The Marcia Blaine School For Girls: Halfway Into the Woods
Highpoint Lowlife

Comprised of three Glaswegian lads, The Marcia Blaine School For Girls (the name, incidentally, taken from the fictional school in the 1961 novel and film The Prime of Miss Jean Brodie) has crafted a marvelous collection, Halfway Into The Woods, that variously approximates a writhing, unstoppable dynamo and, at other times, a magisterial fairyland forest of nocturnal creatures. Though they've issued numerous of tracks on compilations and curated the superb Some Paths Lead Back Again a few years back, Halfway Into The Woods is, surprisingly, the group's debut full-length release. The trio (who, individually, are connected to related outfits like The Village Orchestra, Production Unit, and Accrual) weaves multiple styles into a shape-shifting and always-captivating amalgam on the hour-long collection.

“The Secret of the Mezzanine” initiates the album with a sculpted wonderland of bulbous, burbling beats and droning organ chords, a perfect exemplar of organic electronica that sets forth from one aural locale and ends up in a radically different space (in a six-minute span, “Barbelith” sequentially visits African music, house, classical minimalism, and IDM). A single track often feels like a compendium of electronic music styles: “Boris,” for example, marries a serious funk pulse to dubby smears and washes, while “Loelet” offers a frenetic mutation of drum'n'bass swarm and epic tech-house. The group's not opposed to delicate moments either, as shown by the shimmering lattices and harp melodies that grace “Yugo or Iago” and “Pink Inside” respectively. The trio heavily focuses on building multi-layered structures, with the chanted vocals that surface in “Still” and “Yugo or Iago” treated as merely components of the tracks' overall design. Generally speaking, there's little to criticize, aside from overwrought jungle beats that negate the syncopated xylophone patterns that lend such urgency to “Rude Mechanicals.”

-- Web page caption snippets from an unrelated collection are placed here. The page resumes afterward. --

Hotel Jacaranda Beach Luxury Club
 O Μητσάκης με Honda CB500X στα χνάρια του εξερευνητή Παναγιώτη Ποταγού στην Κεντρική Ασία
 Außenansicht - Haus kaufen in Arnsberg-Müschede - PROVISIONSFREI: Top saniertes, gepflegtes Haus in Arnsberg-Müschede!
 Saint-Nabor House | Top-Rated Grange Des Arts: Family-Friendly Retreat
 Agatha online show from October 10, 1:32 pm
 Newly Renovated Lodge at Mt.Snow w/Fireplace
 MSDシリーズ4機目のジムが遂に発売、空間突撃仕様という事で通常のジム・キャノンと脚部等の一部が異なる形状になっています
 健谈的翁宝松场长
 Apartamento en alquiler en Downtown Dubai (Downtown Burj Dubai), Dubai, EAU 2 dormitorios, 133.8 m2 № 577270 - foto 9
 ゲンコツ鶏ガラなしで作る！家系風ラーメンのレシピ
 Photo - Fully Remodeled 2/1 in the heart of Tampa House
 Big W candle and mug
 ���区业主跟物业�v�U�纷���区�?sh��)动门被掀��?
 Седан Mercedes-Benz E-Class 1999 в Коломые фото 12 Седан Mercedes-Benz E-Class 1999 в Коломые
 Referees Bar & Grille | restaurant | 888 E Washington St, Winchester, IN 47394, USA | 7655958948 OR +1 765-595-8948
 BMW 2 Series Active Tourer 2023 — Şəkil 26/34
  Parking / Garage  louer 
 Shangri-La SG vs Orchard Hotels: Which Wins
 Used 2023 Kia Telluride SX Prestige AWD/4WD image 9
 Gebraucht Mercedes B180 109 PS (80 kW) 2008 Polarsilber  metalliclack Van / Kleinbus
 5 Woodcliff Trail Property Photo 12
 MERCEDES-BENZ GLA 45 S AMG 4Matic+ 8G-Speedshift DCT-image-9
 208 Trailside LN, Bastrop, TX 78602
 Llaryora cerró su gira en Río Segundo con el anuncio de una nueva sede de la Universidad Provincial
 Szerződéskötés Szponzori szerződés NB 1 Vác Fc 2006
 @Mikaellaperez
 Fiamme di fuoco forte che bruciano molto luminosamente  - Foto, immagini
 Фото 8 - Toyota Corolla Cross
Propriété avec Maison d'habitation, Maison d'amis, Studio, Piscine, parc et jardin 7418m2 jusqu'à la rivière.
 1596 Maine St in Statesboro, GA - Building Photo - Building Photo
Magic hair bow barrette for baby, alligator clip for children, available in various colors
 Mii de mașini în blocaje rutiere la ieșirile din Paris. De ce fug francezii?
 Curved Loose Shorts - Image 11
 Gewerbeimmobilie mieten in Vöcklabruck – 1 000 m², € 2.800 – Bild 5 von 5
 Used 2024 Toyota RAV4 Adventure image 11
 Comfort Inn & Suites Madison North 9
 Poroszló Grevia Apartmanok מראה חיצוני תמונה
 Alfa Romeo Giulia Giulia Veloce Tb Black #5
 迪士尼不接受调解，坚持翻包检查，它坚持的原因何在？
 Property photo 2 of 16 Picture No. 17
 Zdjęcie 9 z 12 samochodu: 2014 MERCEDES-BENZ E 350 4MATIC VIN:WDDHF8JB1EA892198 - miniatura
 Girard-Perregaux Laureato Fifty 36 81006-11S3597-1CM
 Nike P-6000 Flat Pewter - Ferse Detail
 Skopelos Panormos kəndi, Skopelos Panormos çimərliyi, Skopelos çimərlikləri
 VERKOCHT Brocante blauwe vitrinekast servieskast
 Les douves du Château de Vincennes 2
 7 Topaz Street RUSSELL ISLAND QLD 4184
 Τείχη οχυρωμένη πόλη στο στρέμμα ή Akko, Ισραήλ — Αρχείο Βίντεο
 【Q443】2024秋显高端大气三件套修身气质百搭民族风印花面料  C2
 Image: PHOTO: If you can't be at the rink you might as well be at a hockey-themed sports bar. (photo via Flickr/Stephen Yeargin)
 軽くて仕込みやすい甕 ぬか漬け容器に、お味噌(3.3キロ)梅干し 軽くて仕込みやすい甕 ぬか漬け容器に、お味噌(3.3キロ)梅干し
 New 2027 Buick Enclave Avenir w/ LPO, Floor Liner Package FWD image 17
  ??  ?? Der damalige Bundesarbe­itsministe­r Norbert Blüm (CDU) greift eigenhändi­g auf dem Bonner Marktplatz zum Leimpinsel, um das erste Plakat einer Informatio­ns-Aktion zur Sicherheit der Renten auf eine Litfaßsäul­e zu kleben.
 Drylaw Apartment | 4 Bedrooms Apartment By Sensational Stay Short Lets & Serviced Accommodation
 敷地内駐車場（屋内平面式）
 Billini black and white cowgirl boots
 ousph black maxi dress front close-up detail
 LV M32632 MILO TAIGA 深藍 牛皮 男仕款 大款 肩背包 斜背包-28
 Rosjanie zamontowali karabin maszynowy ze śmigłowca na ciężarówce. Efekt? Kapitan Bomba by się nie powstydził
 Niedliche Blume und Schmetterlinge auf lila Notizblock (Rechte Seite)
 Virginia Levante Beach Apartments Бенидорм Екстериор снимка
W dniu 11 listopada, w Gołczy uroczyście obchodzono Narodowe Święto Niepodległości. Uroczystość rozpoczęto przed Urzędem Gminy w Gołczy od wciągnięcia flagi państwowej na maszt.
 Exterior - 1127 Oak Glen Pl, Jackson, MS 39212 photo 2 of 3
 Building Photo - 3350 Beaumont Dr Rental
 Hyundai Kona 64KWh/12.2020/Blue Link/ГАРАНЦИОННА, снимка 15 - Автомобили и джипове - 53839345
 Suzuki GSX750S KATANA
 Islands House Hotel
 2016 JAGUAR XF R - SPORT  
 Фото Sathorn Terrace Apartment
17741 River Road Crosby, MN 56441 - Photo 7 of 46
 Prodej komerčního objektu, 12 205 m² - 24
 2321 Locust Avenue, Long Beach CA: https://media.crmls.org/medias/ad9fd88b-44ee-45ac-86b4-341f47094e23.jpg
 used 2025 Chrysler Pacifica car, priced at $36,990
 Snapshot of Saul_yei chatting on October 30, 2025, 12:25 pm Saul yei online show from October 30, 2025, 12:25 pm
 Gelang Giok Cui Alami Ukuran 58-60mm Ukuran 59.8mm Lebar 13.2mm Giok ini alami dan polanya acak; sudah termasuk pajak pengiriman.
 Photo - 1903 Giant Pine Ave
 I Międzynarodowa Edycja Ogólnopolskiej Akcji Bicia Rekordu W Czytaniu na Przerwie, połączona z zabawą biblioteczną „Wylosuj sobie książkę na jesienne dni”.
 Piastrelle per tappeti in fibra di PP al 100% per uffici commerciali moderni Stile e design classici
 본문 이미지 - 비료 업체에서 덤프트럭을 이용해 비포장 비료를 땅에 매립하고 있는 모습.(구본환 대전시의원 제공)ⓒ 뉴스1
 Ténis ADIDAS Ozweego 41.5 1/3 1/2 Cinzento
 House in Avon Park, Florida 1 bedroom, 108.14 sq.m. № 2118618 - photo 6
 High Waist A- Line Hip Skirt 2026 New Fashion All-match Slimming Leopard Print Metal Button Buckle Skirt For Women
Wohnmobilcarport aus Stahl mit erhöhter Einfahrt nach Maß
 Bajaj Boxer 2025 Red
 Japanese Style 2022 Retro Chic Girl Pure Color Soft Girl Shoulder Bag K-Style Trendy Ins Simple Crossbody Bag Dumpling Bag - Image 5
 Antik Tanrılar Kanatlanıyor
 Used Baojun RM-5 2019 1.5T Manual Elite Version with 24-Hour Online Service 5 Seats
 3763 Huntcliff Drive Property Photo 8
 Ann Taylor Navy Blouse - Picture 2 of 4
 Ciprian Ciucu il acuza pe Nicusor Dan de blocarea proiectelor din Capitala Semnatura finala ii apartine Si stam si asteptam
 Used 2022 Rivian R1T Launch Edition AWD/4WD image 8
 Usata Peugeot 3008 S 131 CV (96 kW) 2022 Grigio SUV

The album is not only refreshingly unpredictable but also exudes humanity and warmth despite being thoroughly grounded in electronic production methods. The group's music might call to mind Boards of Canada or Autechre at one moment or another but, cumulatively, Halfway Into The Woods affirms itself as The Marcia Blaine School For Girls' singularly unique project and no one else's.